*Records for the exercise:*
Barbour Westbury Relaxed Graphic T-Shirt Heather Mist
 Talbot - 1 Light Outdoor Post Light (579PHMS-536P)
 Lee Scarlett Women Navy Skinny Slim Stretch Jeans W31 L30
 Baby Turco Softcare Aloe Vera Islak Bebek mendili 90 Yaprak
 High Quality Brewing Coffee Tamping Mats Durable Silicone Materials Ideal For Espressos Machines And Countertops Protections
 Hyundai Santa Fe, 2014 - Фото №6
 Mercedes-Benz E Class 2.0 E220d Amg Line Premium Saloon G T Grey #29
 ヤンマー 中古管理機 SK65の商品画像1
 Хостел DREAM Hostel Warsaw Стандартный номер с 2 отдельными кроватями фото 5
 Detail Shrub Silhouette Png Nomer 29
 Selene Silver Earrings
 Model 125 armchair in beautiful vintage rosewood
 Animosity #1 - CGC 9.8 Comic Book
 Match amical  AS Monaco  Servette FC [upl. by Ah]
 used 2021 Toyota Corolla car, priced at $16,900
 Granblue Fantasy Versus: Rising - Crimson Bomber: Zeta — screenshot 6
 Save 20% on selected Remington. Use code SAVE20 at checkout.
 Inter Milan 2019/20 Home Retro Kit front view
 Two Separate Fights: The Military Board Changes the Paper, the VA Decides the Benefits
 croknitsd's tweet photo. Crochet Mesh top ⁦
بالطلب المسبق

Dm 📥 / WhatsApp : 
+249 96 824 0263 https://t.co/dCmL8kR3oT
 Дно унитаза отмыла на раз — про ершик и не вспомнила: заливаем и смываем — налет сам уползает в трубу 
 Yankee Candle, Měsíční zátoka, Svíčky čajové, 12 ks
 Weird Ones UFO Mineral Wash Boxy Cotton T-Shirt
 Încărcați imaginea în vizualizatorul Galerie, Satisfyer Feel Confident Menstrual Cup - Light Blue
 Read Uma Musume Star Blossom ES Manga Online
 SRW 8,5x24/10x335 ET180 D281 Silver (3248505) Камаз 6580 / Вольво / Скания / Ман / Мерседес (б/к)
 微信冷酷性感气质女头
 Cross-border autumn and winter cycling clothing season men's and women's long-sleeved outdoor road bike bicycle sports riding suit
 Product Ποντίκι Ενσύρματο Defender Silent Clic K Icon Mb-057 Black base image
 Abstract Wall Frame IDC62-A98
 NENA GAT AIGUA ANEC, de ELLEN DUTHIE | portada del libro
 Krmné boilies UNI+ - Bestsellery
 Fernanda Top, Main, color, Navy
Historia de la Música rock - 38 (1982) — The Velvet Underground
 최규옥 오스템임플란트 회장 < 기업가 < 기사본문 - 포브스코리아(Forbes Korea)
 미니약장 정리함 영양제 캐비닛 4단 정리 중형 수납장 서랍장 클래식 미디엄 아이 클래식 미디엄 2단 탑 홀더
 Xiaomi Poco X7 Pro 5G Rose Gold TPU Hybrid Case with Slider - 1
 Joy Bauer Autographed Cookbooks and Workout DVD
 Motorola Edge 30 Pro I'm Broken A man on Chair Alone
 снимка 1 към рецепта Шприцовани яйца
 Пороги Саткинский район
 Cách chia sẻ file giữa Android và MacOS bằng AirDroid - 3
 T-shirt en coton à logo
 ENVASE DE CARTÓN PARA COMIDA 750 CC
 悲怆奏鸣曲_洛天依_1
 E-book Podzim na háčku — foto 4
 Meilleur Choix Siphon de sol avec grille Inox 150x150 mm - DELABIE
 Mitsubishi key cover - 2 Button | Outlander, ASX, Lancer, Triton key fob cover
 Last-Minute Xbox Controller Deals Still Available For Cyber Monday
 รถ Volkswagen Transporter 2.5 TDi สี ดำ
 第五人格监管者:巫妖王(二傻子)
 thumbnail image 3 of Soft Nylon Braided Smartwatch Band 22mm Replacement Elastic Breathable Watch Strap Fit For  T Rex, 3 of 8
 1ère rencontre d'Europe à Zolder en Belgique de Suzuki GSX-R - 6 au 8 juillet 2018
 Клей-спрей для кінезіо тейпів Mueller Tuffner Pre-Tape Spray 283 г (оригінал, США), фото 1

*Directions:*
Would you retype exactly the lines above, from the line with "824 0263 https://t.co/dCmL8kR3oT" to the line with "1ère rencontre d'Europe", with both end lines kept and nothing more?

*Expected answer:*
+249 96 824 0263 https://t.co/dCmL8kR3oT
 Дно унитаза отмыла на раз — про ершик и не вспомнила: заливаем и смываем — налет сам уползает в трубу 
 Yankee Candle, Měsíční zátoka, Svíčky čajové, 12 ks
 Weird Ones UFO Mineral Wash Boxy Cotton T-Shirt
 Încărcați imaginea în vizualizatorul Galerie, Satisfyer Feel Confident Menstrual Cup - Light Blue
 Read Uma Musume Star Blossom ES Manga Online
 SRW 8,5x24/10x335 ET180 D281 Silver (3248505) Камаз 6580 / Вольво / Скания / Ман / Мерседес (б/к)
 微信冷酷性感气质女头
 Cross-border autumn and winter cycling clothing season men's and women's long-sleeved outdoor road bike bicycle sports riding suit
 Product Ποντίκι Ενσύρματο Defender Silent Clic K Icon Mb-057 Black base image
 Abstract Wall Frame IDC62-A98
 NENA GAT AIGUA ANEC, de ELLEN DUTHIE | portada del libro
 Krmné boilies UNI+ - Bestsellery
 Fernanda Top, Main, color, Navy
Historia de la Música rock - 38 (1982) — The Velvet Underground
 최규옥 오스템임플란트 회장 < 기업가 < 기사본문 - 포브스코리아(Forbes Korea)
 미니약장 정리함 영양제 캐비닛 4단 정리 중형 수납장 서랍장 클래식 미디엄 아이 클래식 미디엄 2단 탑 홀더
 Xiaomi Poco X7 Pro 5G Rose Gold TPU Hybrid Case with Slider - 1
 Joy Bauer Autographed Cookbooks and Workout DVD
 Motorola Edge 30 Pro I'm Broken A man on Chair Alone
 снимка 1 към рецепта Шприцовани яйца
 Пороги Саткинский район
 Cách chia sẻ file giữa Android và MacOS bằng AirDroid - 3
 T-shirt en coton à logo
 ENVASE DE CARTÓN PARA COMIDA 750 CC
 悲怆奏鸣曲_洛天依_1
 E-book Podzim na háčku — foto 4
 Meilleur Choix Siphon de sol avec grille Inox 150x150 mm - DELABIE
 Mitsubishi key cover - 2 Button | Outlander, ASX, Lancer, Triton key fob cover
 Last-Minute Xbox Controller Deals Still Available For Cyber Monday
 รถ Volkswagen Transporter 2.5 TDi สี ดำ
 第五人格监管者:巫妖王(二傻子)
 thumbnail image 3 of Soft Nylon Braided Smartwatch Band 22mm Replacement Elastic Breathable Watch Strap Fit For  T Rex, 3 of 8
 1ère rencontre d'Europe à Zolder en Belgique de Suzuki GSX-R - 6 au 8 juillet 2018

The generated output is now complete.